The officer in this case did not arrest defendant for driving while under the influence with blood alcohol in excess of .10% by weight; in fact, he did not arrest defendant at all. What the officer was confronted with was not the ordinary case, that is, a case involving a stopped driver suspected of violating § 169.121. Rather, the officer was confronted with a situation in which he had probable cause to believe that defendant driver was not only intoxicated but had just committed the felony offense of criminal negligence resulting in death, § 609.21 (1978). In such a situation he knew that it was essential that he obtain the blood sample without delay and without regard to whether defendant would consent to the removal of a blood sample. Accordingly, he did not follow the formality of first trying to obtain defendant's consent; instead, he simply ordered the removal of the blood sample, as he had a right to do under the Constitution. Minn.Stat. § 169.121, subd. 2 (1978), was not drafted with this situation in mind, and the officer was not trying to defeat the purpose of that statute.
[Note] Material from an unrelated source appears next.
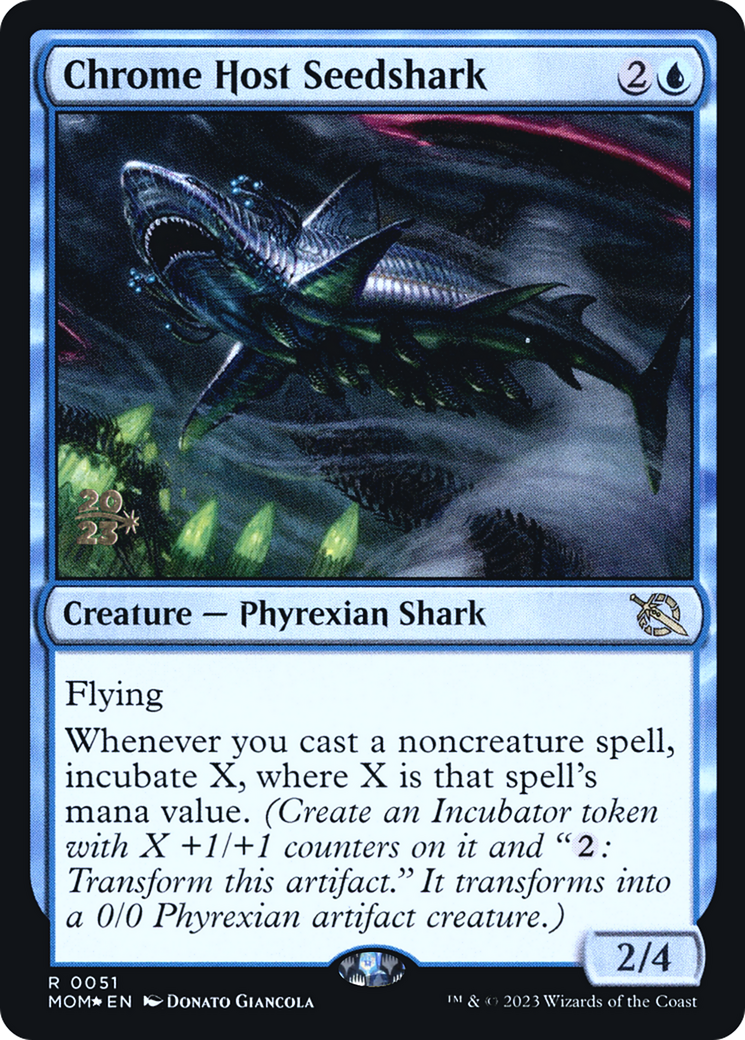 Chrome Host Seedshark [March of the Machine Prerelease Promos] - The Mythic Store | 24h Order Processing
In fact, even if the officer had tried and failed to get defendant's voluntary consent or his consent pursuant to the implied consent law, we still would be faced with the problem of whether this statute would bar the admission of the test results in this prosecution. The test results clearly would be admissible in a criminal negligence prosecution. The fact that the grand jury chose not to indict defendant for that offense was a benefit to defendant. Suppressing the evidence and thereby making prosecution of defendant on the less serious misdemeanor charges more difficult would only have the effect of benefiting defendant more without furthering the purpose served by § 169.121, subd. 2, of protecting the ordinary conscious but intoxicated driver from nonconsensual removal of blood.

*83 In summary, we hold that the statute does not bar the use of nonconsensual blood test evidence in misdemeanor prosecutions when the prosecutions arise from the situation in which the driver initially was believed to have committed the far more serious offense of criminal negligence.

Reversed and remanded for trial.


[1] The prosecution is for misdemeanor offenses and therefore normally would be in county court. However, since the prosecution was commenced by indictment, rather than complaint, it is in district court. The rules governing pretrial appeals by the state do not contemplate this situation. If the prosecution had been in county court, the state would have an express right to appeal the decision to the district court. If the prosecution had been for a gross misdemeanor or a felony, the state would have an express right to appeal to this court. The state, in order to protect itself, sought and obtained permission to appeal.

[2] We note, however, that a defendant is always free to argue at the omnibus hearing that the officer's failure to arrest him casts doubt on the officer's testimony that he believed he had probable cause.